Tra le voci più autorevoli nel dibattito, è particolarmente netta quella di Tobias Gehrke, senior policy fellow dell’Ecfr, esperto dí geoeconomia. “I leader europei devono chiedersi se vogliono che la loro industria della difesa e la transizione energetica siano tenute in ostaggio da burocrati a Pechino che approvano licenze”, dice in commenti fatti avere a Formiche.net. Secondo lui, il problema non è solo economico ma strategico: “La Cina si è data il potere di soffocare l’industria europea, la nascita di catene di approvvigionamento alternative e gli sforzi di stoccaggio. Ha buttato via le chiavi stesse che gli europei pensavano di poter usare per uscire dalla gabbia della dipendenza”.
Gehrke avverte che la tentazione di cercare un compromesso rapido sarebbe un errore. “C’è il rischio – spiega – che l’Ue offra concessioni commerciali o di sicurezza a Pechino in cambio di un sollievo temporaneo sui controlli all’esportazione delle terre rare. Sarebbe una mossa sbagliata. L’Europa deve invece alzare il livello della negoziazione, non abbassarlo”.
Per Gehrke, la risposta deve essere politica e strutturale: “Se l’Europa ingoia questa misura senza mettere le proprie carte sul tavolo, la coercizione economica diventerà la nuova normalità”. E le carte, sottolinea, l’Ue le ha già. “Lo strumento anticoercizione è stato creato esattamente per questo scenario ed è ora di toglierlo dallo scaffale e usarlo”, afferma.

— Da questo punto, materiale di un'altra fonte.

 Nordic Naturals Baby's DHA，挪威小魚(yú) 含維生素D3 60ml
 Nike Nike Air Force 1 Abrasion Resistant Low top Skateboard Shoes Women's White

In concreto, il meccanismo europeo potrebbe colpire un ampio ventaglio di settori: dalle esportazioni di macchinari avanzati, apparecchiature per semiconduttori e servizi aeronautici, fino a importazioni chiave dalla Cina come automobili, turbine eoliche, dispositivi medici, apparecchi per telecomunicazioni e beni di consumo a basso costo.
Gehrke chiarisce tuttavia che l’obiettivo andare oltre al rischio di aprire una guerra commerciale: “Lo scopo non è una trade war, ma un equilibrio di potere economico basato su una sorta di ‘mutua distruzione assicurata’”. Solo così, spiega, l’Europa potrà forzare con Pechino “un accordo geopolitico che le consenta di guadagnare tempo; tempo che deve essere investito nel decoupling industriale dalle terre rare cinesi”.
Nel linguaggio chiaro e programmatico di Gehrke emerge una linea di fondo: non cedere alla pressione, ma rispondere con forza regolata. Bruxelles, dice, non può continuare a parlare di autonomia strategica se non è disposta a esercitarla.